Alaska – the land of floatplanes
It only takes a few days in Alaska to see that in many ways it is a completely different state and in some ways, different country from the rest of America. It is not just the historical differences based on occupation by Russians and before that the various First Nations people, who were so tuned into this land and lived in harmony with it. It is because Alaska is America’s last frontier and as well as many 2nd and 3rd generation Alaskan’s who are proud to call it home, it attracts people from all the other American states in search of adventure, less governmental interference, hunting and in some cases to live off grid completely.
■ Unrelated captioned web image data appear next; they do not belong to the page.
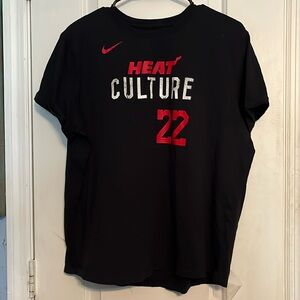 NBA The NIKE tee size Large black tee with red and white lettering. LIKE NEW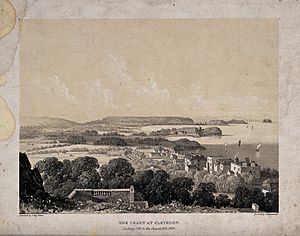 A coastal bay at Clevedon in Somerset. Lithograph after a sk Wellcome V0044532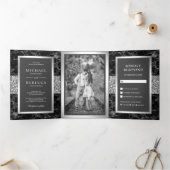 Schwarzer Marmor Silberer Glitzer Dunkelgraue Hoch Dreifach Gefaltete Einladung (Innenseite)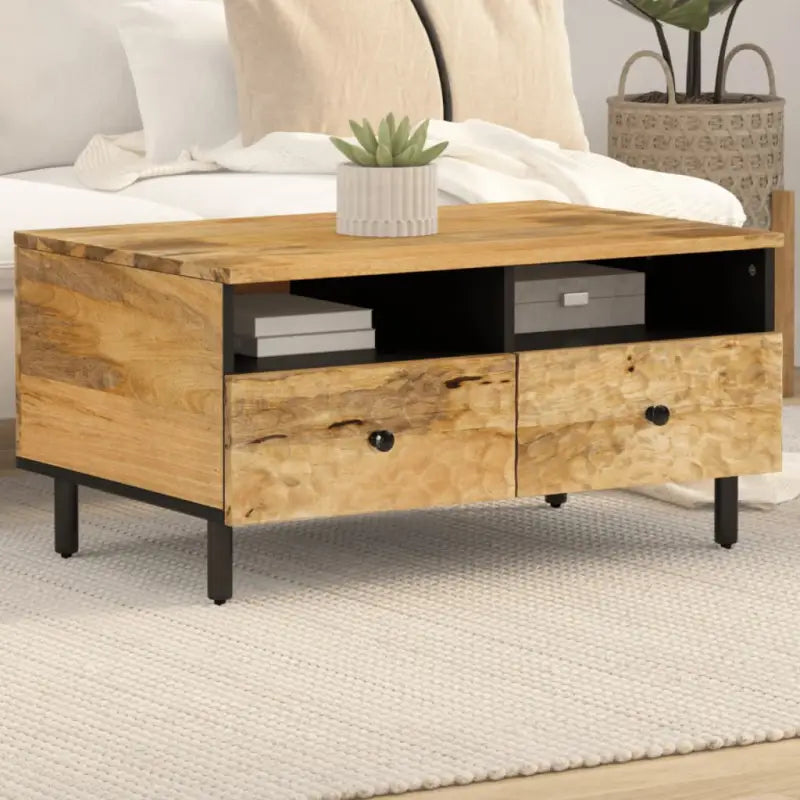 Salontafel met massief acaciahout en ijzeren poten voor elegante woonkamer - Naturel / 1 / massief mangohout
So few roads; but lots of floatplanes and boats in Alaska
Since Alaska was slowly colonized (or taken over) by the Russians and then the Americans using boats, it stands to reason that many of its towns and cities grew up looking out to the water for trade and commerce, rather than trying to build roads in often harsh conditions and where thick forest or glaciers covered the land. Mighty rivers also allowed passage far north into both Alaska and Yukon; most famously during the Klondike gold rush.
My first floatplane journey in Alaska
One week earlier when we flew from Anchorage to Lake Clark National Park, I had already had my taste of a small bushplane flights; with spectacular views of glaciers, beautiful rivers and a super smooth landing on a sandy beach – pretty cool. However I was desperate to take off on the ‘work horse’ of Alaskan aviation and after travelling the scenic Kenai Peninsula from Anchorage to Homer, I found myself standing next to Beluga Lake, waiting for my ‘ride’ to the world famous Brooks Falls in Katmai National Park.
Taking off on a floatplane is a very gentle experience – well it was for me! You really wonder if you have enough speed to get the lift required for flying, but bit by bit the aircraft becomes airborne and you head out across straits, through mountain passes, looking out for Beluga’s swimming or Caribou crossing the last of the mountain snows. Even with all the modern GPS technology to aid them; a bush pilot relies first on his eyes and the small perceptible changes which could signify a deterioration in the weather.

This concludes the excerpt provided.